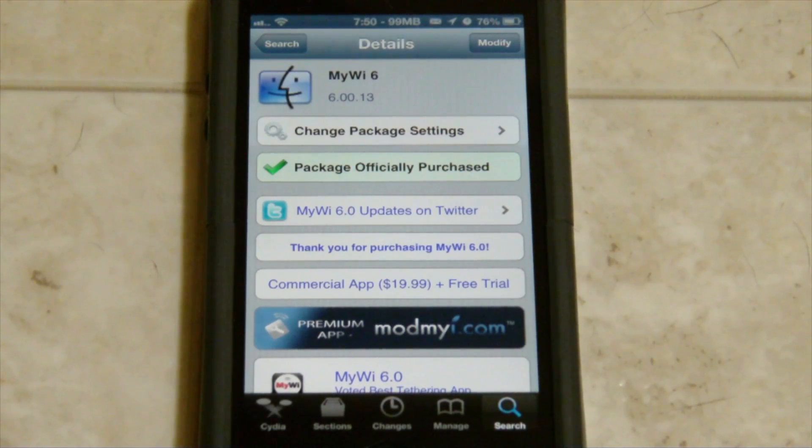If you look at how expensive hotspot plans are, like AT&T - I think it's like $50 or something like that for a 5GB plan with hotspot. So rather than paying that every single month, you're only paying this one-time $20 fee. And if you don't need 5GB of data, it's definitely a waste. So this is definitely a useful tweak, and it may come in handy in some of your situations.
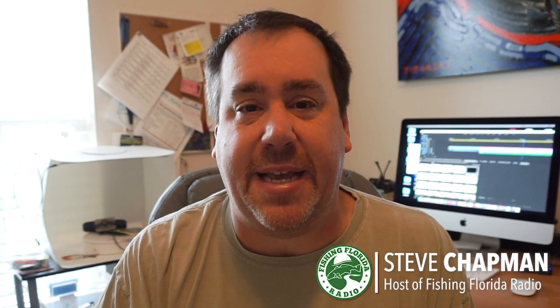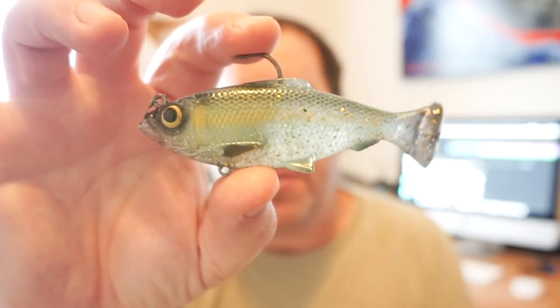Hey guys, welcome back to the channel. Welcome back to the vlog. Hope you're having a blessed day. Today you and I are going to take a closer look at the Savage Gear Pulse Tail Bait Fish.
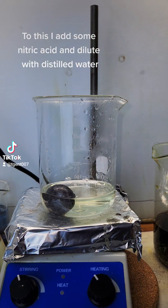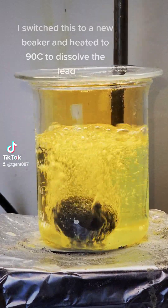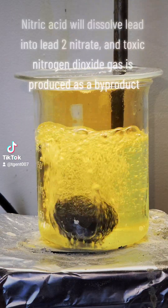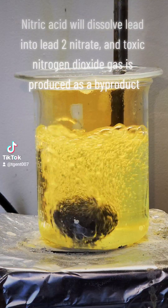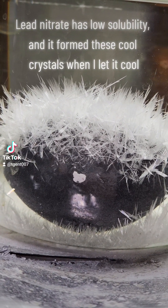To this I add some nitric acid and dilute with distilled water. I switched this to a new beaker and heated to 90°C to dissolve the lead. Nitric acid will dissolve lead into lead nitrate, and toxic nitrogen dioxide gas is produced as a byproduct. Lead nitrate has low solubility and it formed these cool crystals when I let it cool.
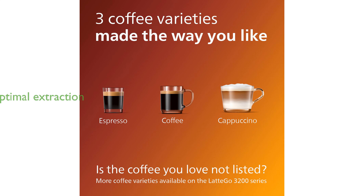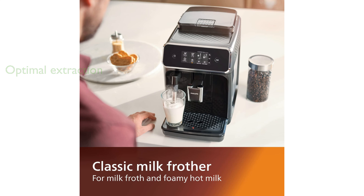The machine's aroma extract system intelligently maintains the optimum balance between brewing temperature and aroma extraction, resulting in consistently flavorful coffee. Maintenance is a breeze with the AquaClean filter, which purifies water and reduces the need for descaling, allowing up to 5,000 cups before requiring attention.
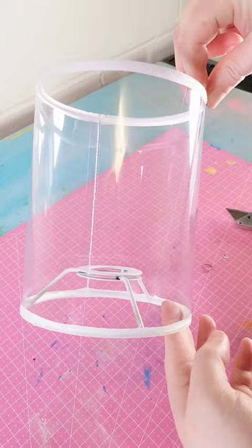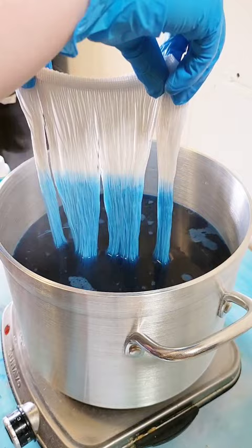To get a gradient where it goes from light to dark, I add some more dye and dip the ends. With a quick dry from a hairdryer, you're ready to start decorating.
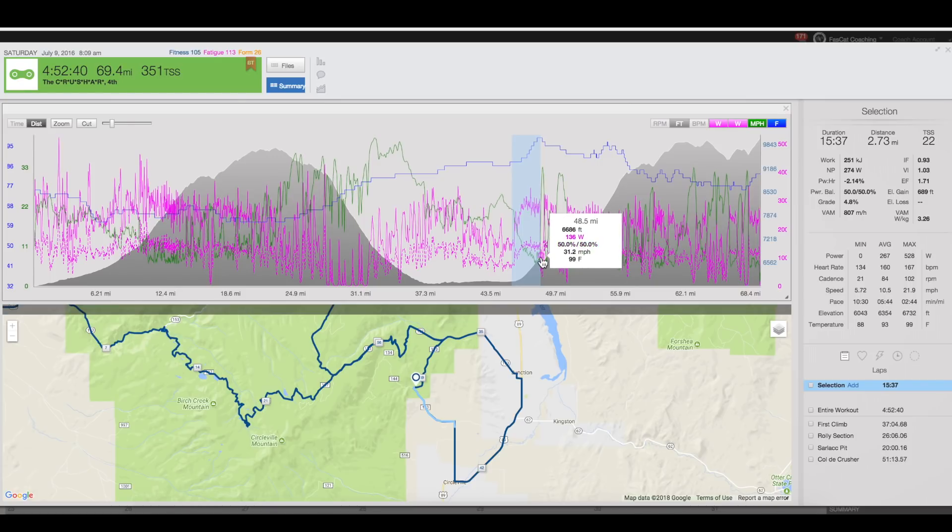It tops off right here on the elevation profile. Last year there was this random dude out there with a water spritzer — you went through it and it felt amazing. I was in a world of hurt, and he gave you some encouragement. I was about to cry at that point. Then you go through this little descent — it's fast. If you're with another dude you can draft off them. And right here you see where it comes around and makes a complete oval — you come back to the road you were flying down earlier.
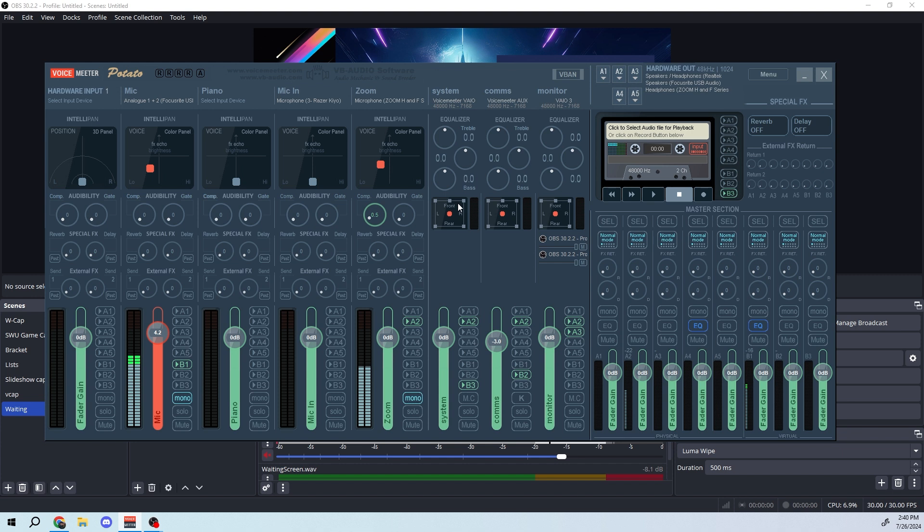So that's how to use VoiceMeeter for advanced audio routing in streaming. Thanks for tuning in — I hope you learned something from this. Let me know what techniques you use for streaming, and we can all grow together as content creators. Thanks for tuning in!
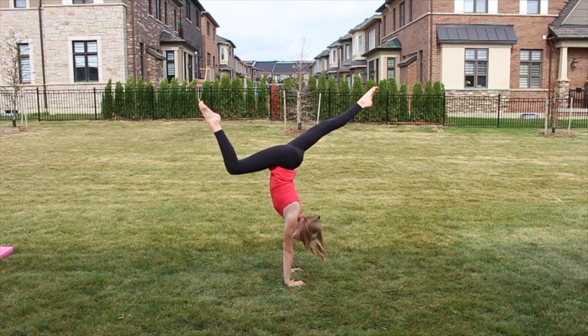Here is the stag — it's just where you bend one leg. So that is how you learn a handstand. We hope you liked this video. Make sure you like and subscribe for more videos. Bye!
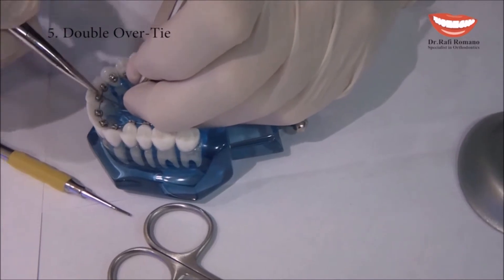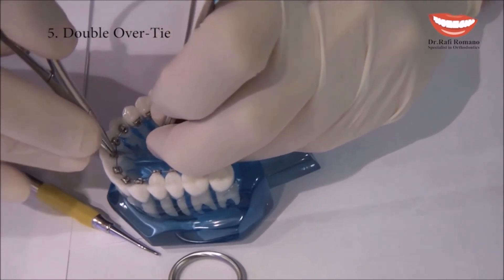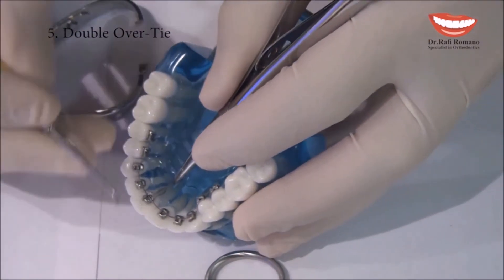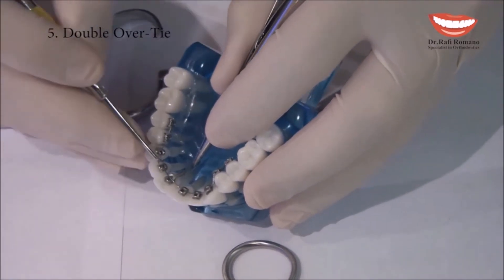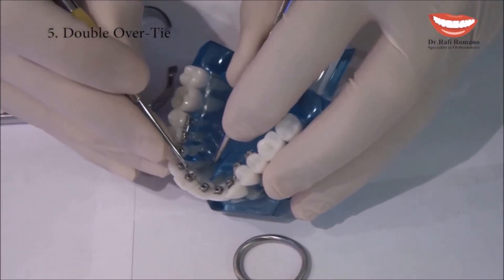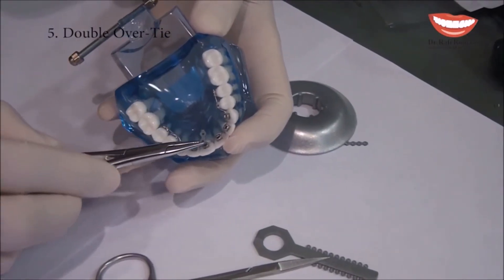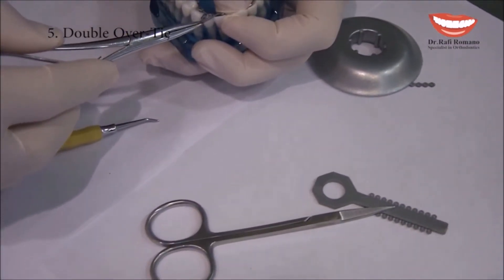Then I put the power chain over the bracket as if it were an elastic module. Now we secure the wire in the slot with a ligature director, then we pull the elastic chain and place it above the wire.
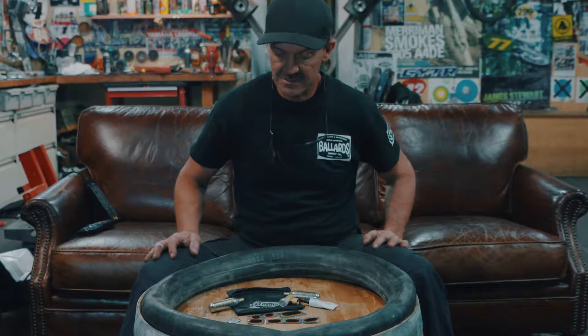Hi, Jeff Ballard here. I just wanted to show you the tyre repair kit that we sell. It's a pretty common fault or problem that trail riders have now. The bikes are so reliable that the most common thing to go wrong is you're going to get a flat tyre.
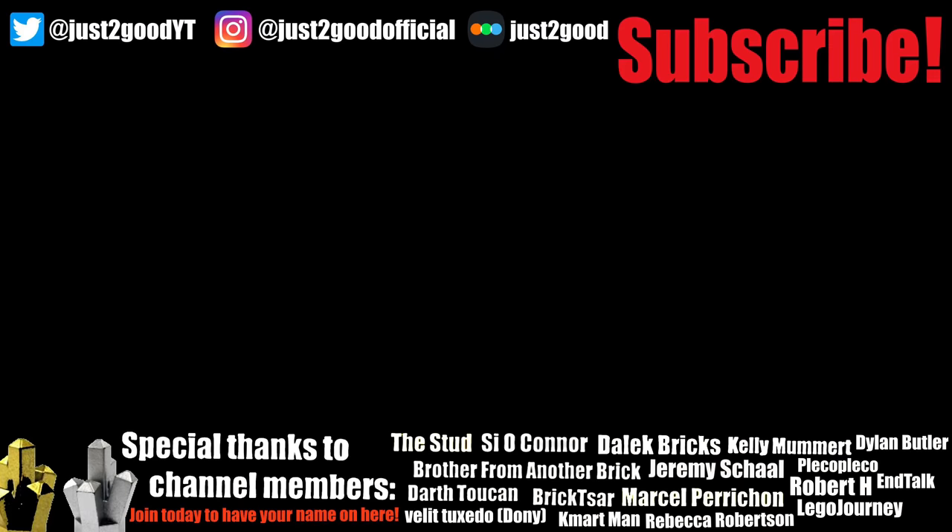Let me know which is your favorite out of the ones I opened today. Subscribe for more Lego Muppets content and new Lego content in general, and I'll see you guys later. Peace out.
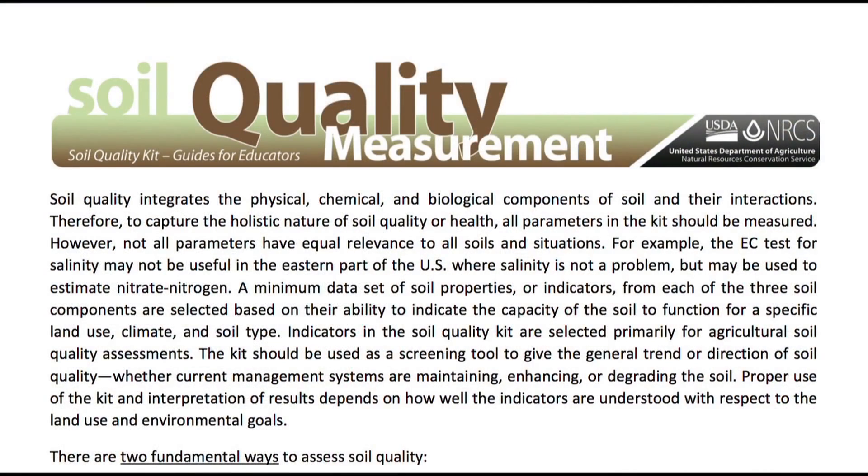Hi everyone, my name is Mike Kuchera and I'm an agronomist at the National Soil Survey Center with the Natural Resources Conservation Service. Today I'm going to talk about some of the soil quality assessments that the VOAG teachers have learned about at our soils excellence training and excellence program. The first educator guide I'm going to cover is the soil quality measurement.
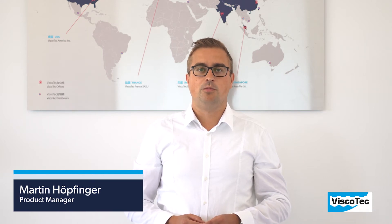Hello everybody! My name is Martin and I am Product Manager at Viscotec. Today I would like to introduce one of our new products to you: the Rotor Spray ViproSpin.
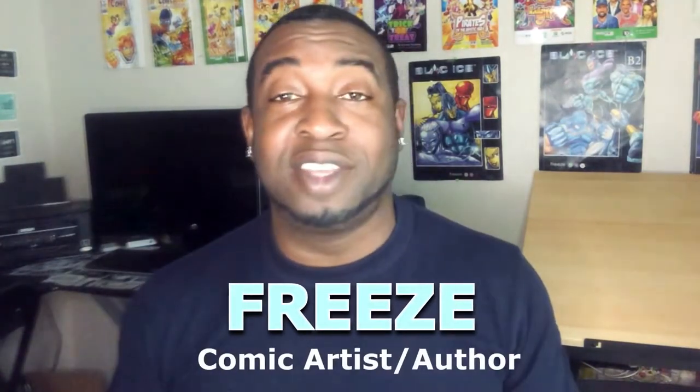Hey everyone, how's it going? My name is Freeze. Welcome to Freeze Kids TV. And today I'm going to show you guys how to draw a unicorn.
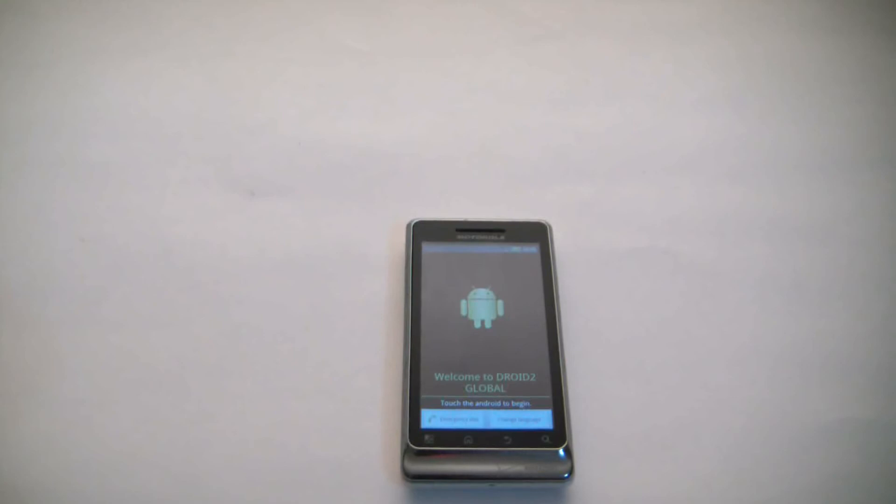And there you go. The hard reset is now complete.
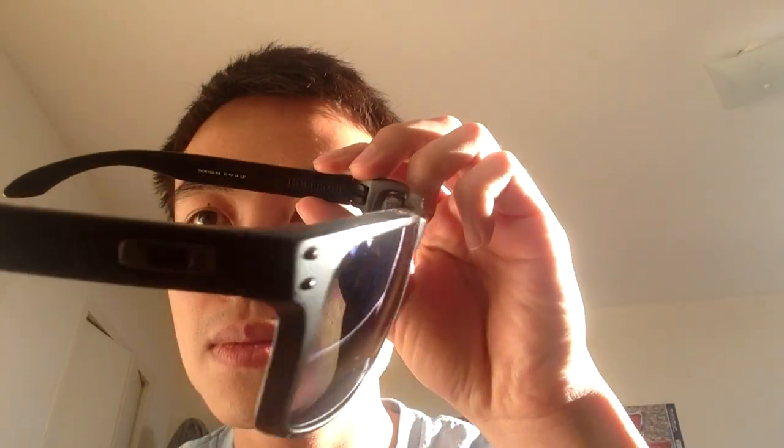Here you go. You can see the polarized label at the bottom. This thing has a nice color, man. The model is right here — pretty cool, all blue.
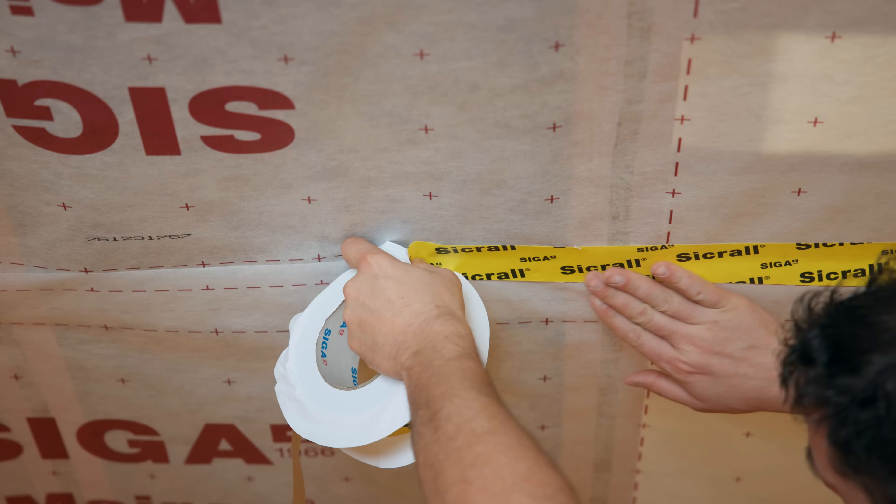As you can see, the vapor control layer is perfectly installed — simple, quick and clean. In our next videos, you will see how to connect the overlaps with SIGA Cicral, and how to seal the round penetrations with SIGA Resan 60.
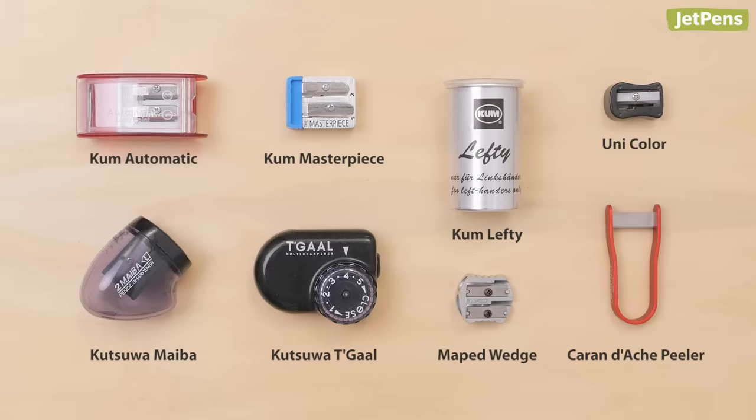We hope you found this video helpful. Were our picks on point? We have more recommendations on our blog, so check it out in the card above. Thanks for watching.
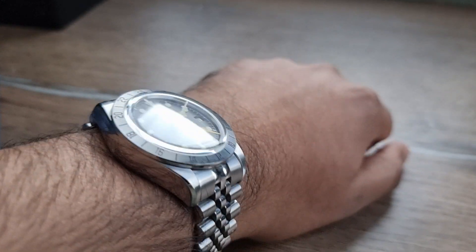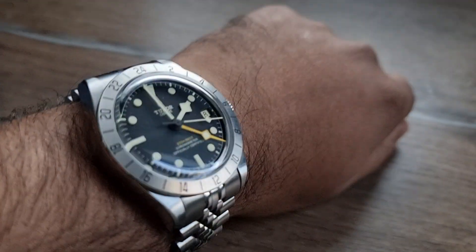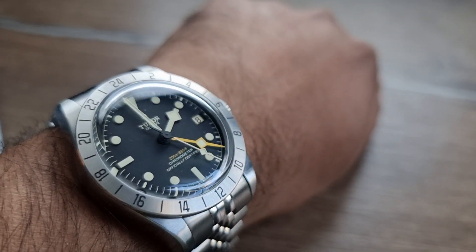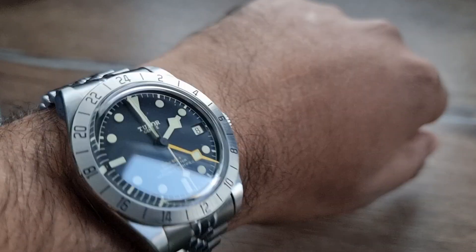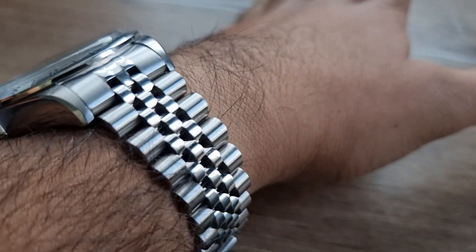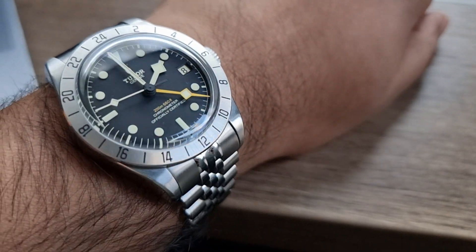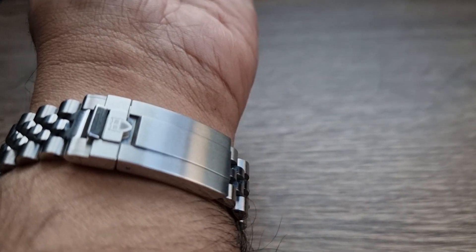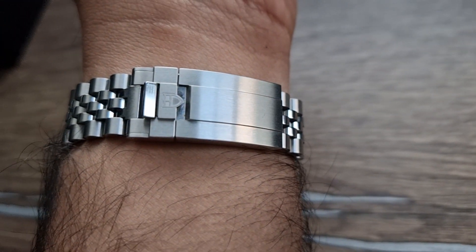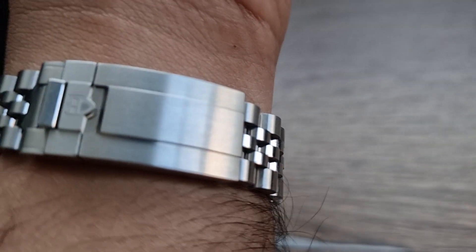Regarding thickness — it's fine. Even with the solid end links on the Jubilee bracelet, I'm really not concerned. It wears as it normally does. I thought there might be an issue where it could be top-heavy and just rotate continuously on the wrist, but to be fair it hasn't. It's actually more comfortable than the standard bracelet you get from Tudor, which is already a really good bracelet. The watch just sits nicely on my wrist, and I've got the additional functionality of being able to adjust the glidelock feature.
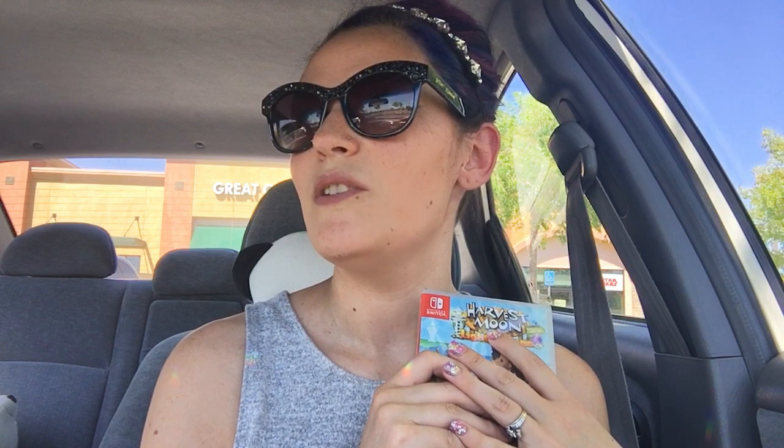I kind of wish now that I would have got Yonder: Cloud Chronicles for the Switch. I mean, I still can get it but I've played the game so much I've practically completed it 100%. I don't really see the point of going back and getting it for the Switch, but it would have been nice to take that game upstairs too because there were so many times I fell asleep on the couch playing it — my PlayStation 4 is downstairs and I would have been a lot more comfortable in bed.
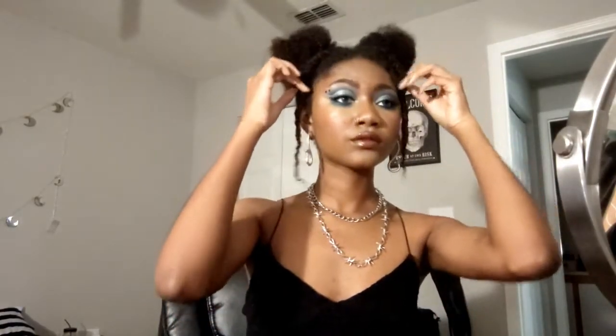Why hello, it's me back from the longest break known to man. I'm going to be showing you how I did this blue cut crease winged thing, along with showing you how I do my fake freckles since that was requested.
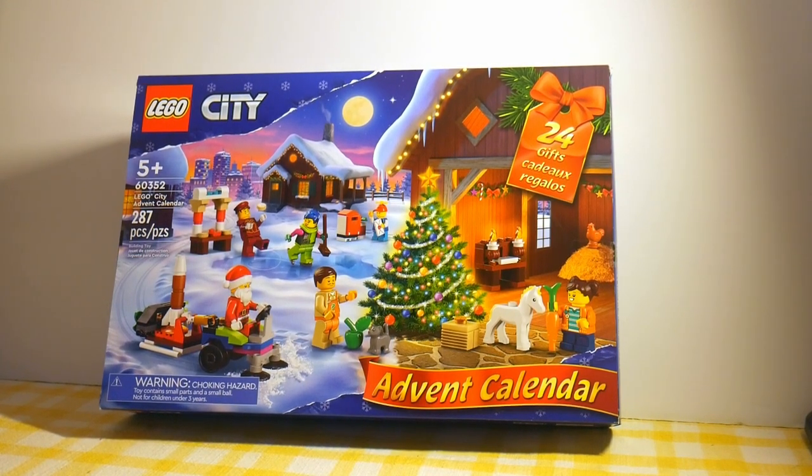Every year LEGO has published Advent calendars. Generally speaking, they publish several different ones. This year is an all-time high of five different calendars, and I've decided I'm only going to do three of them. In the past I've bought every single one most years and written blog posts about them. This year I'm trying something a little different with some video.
────
Look above for the line with "So that's how"; quote it and every line after it, stopping after the line with "Hello everybody! My", exactly, with nothing added and without pictures.

Result of the task:
So that's how to use VoiceMeeter for advanced audio routing in streaming. Thanks for tuning in — I hope you learned something from this. Let me know what techniques you use for streaming, and we can all grow together as content creators. Thanks for tuning in!
Here is the stag — it's just where you bend one leg. So that is how you learn a handstand. We hope you liked this video. Make sure you like and subscribe for more videos. Bye!
Then I put the power chain over the bracket as if it were an elastic module. Now we secure the wire in the slot with a ligature director, then we pull the elastic chain and place it above the wire.
Hi, Jeff Ballard here. I just wanted to show you the tyre repair kit that we sell. It's a pretty common fault or problem that trail riders have now. The bikes are so reliable that the most common thing to go wrong is you're going to get a flat tyre.
Let me know which is your favorite out of the ones I opened today. Subscribe for more Lego Muppets content and new Lego content in general, and I'll see you guys later. Peace out.
Hi everyone, my name is Mike Kuchera and I'm an agronomist at the National Soil Survey Center with the Natural Resources Conservation Service. Today I'm going to talk about some of the soil quality assessments that the VOAG teachers have learned about at our soils excellence training and excellence program. The first educator guide I'm going to cover is the soil quality measurement.
Hello everybody! My name is Martin and I am Product Manager at Viscotec. Today I would like to introduce one of our new products to you: the Rotor Spray ViproSpin.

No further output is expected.